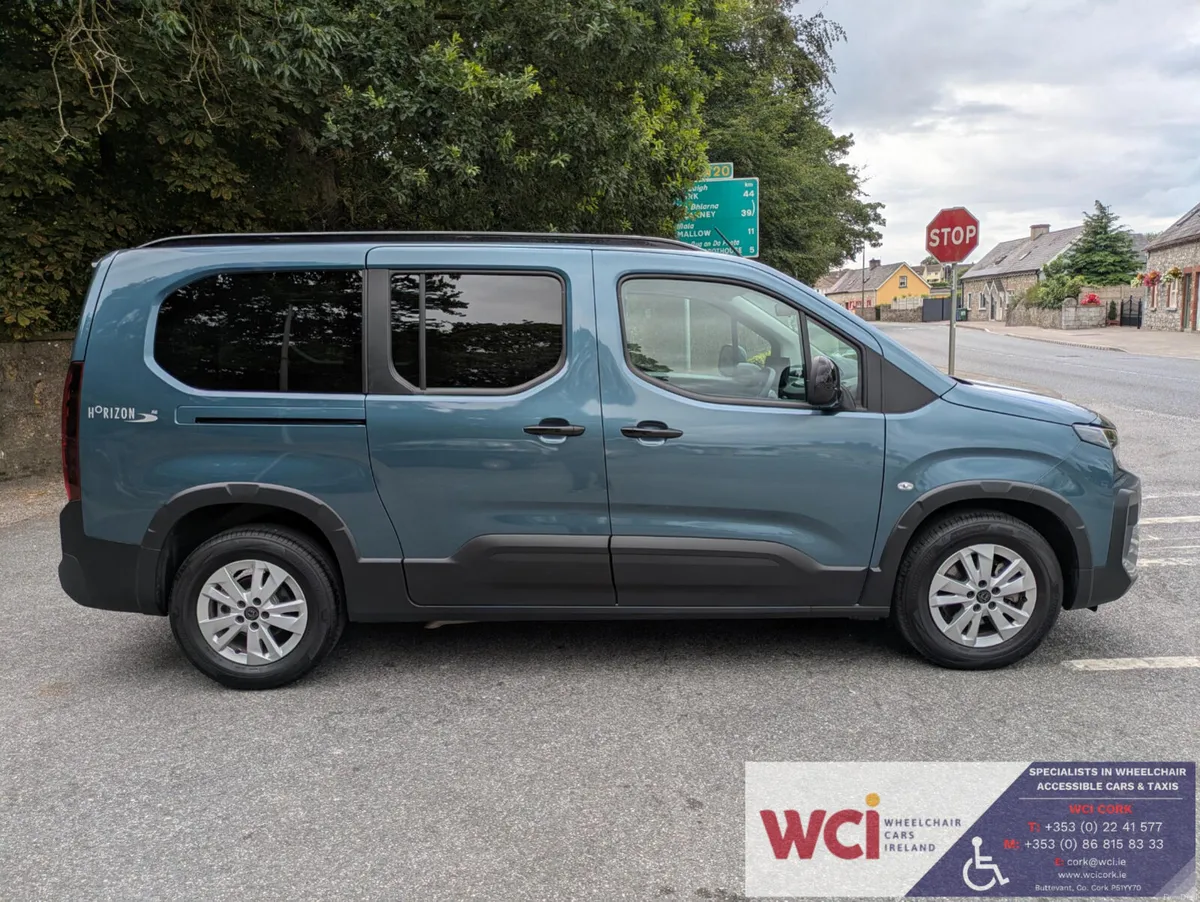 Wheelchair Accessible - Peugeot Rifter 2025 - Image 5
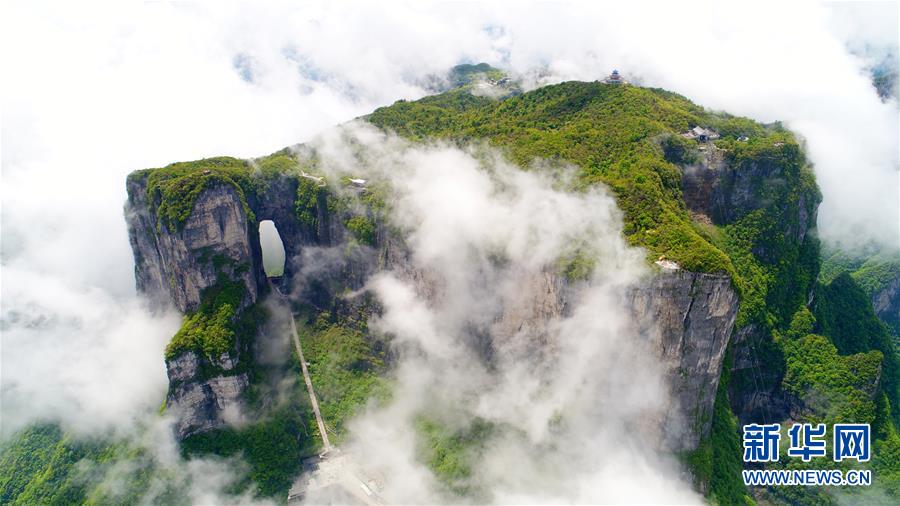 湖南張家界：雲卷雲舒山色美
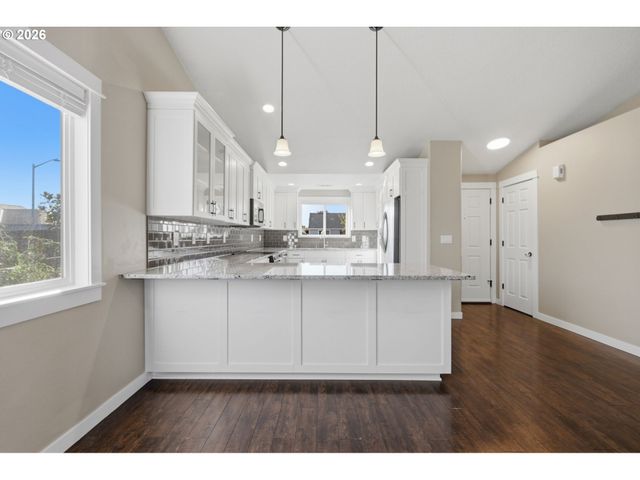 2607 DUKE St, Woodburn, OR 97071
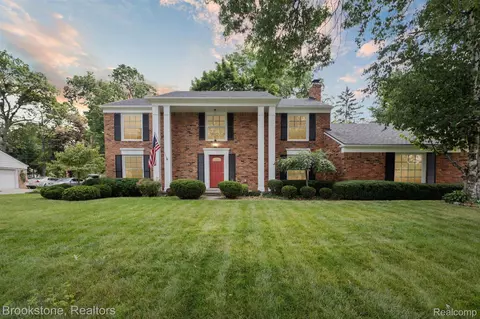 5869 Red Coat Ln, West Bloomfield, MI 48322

####################

* YOUR ASSIGNMENT: A word-for-word repetition of the data above, without pictures, is the expected answer.

* WRITTEN SOLUTION:
 Wheelchair Accessible - Peugeot Rifter 2025 - Image 5
 湖南張家界：雲卷雲舒山色美
 2607 DUKE St, Woodburn, OR 97071
 5869 Red Coat Ln, West Bloomfield, MI 48322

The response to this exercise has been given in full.